Under the current enrollment system, beneficiaries who don't sign up for Medicare's Part B outpatient coverage when they're first eligible -- and don't qualify for an exception -- can join only in January through March.
Coverage begins the following July. While they're waiting for coverage to kick in, most cannot purchase other health insurance. As a result, the rules delay Medicare coverage for thousands of people a year, according to Congressional Budget Office estimates.
Some may mistakenly assume they can skip Part B because they have, for example, retiree coverage or a COBRA policy from a former employer or one purchased through the Affordable Care Act's marketplaces.
But in many cases, once an insurer discovers that a beneficiary should have been covered under Part B, the plan can require a provider to refund payments received after the patient became Medicare eligible, said Fred Riccardi, president of the Medicare Rights Center, a consumer advocacy group.
"Then the patient could be on the hook for the services provided, and we've seen that happen," Riccardi said, after testifying before the subcommittee.

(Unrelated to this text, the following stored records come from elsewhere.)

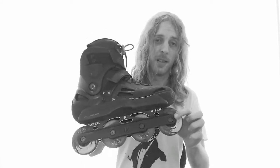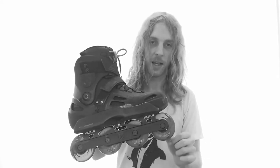What's up guys? Drew here, back with another product review — actually, two product reviews. Today we're going to talk about the Kizer Aero Frames and some Undercover 76mm powerblading wheels. These are an 84A. Alright, so some first impressions — I got a chance to skate these for about an hour.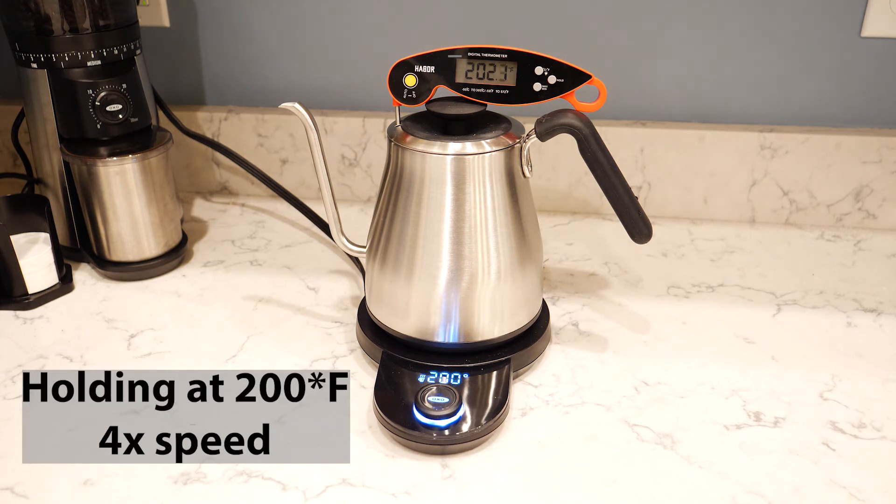I tested what it's going to do — is it going to go up or down, and what will that level look like? This is now at four times speed, just holding at 200 degrees Fahrenheit. The container is not insulated so it loses temperature slowly. You'll see it drops from 202 down to 200, then the heating element kicks on and warms it back up to 202 degrees, and it just repeats that cycle.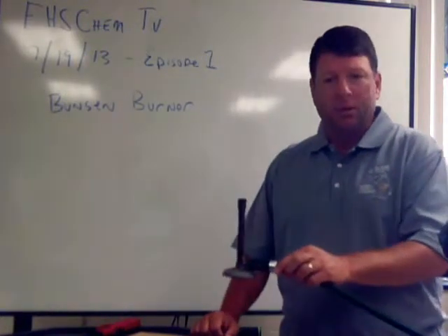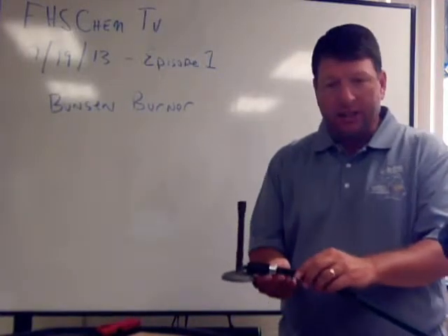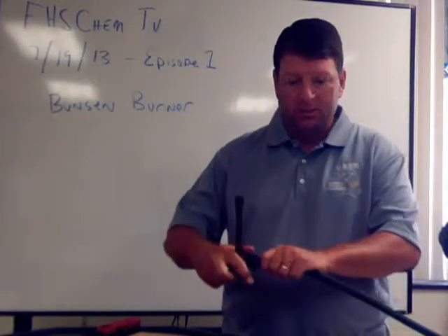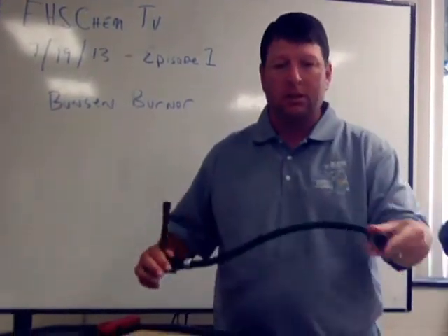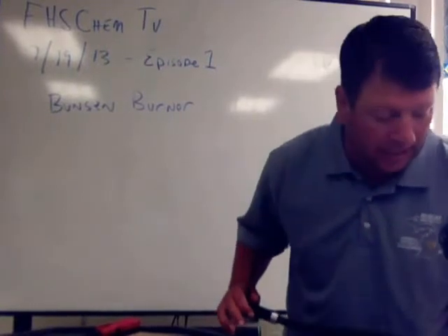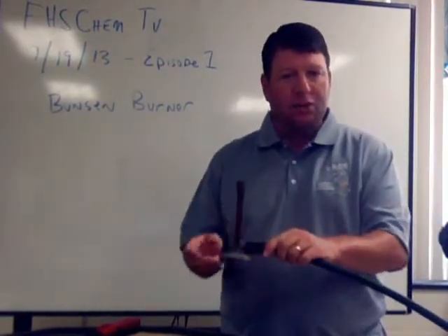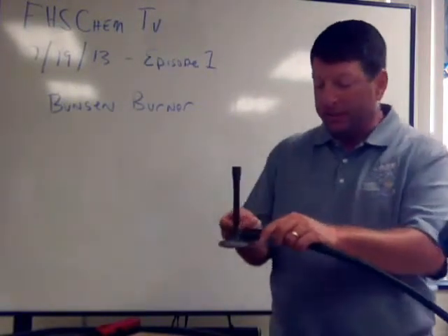First of all, the parts of the Bunsen burner. Here's the Bunsen burner we were using in class. It has four main parts. The first part that I'm holding here is the gas intake tube. This tube will slide onto the hardware for the natural gas that we use in class — you just slide that on, and the Bunsen burner will already be attached to the tube.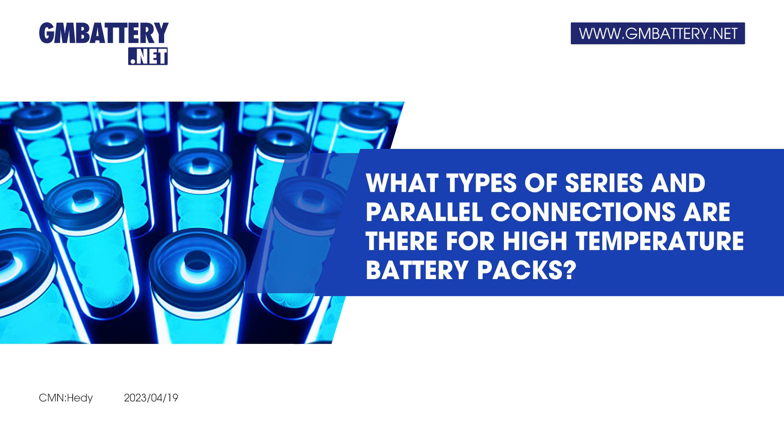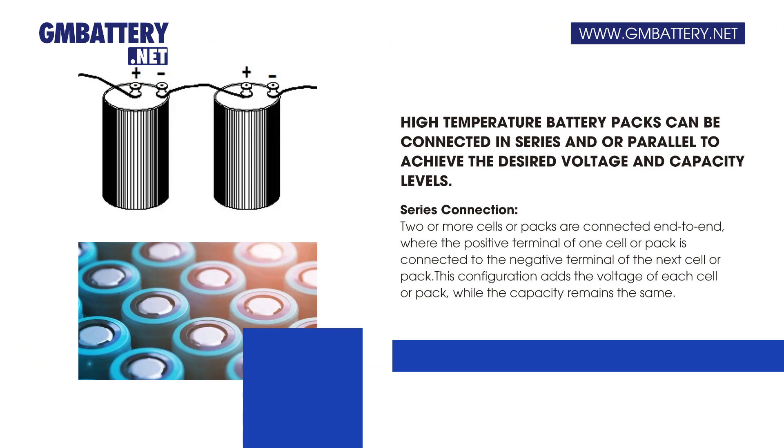What types of series and parallel connections are there for high-temperature battery packs? High-temperature battery packs can be connected in series and/or parallel to achieve the desired voltage and capacity levels.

The legislation would revise these rules for the first time in 5 decades. It would require the Centers for Medicare & Medicaid Services and the Social Security Administration to notify people before their 65th birthday about their Medicare eligibility.
Currently, the federal government only contacts people receiving Social Security benefits when it's time to join Medicare.
It would also move the January-through-March enrollment window to the fall, to coincide with the enrollment period for drug coverage and Medicare Advantage. And it would eliminate the July effective date.
Better-informed beneficiaries would also be able to avoid the permanent penalties applied when they delay signing up for Part B for 12 or more months after they become Medicare eligible. In 2018, about 760,000 people were paying a late penalty tacked onto their monthly Part B premium, increasing their costs an average of nearly 30%, according to the Congressional Research Service.
The legislation, first introduced in 2016, is supported by 95 disparate organizations, including the AFL-CIO and other unions, health insurance companies, AARP, and patient advocacy and provider groups.
"About 3% of new enrollees would receive Medicare benefits sooner than under current law," CBO reported last September. "These additional months of Medicare coverage would increase direct spending by $375 million over the 2019-2029 period."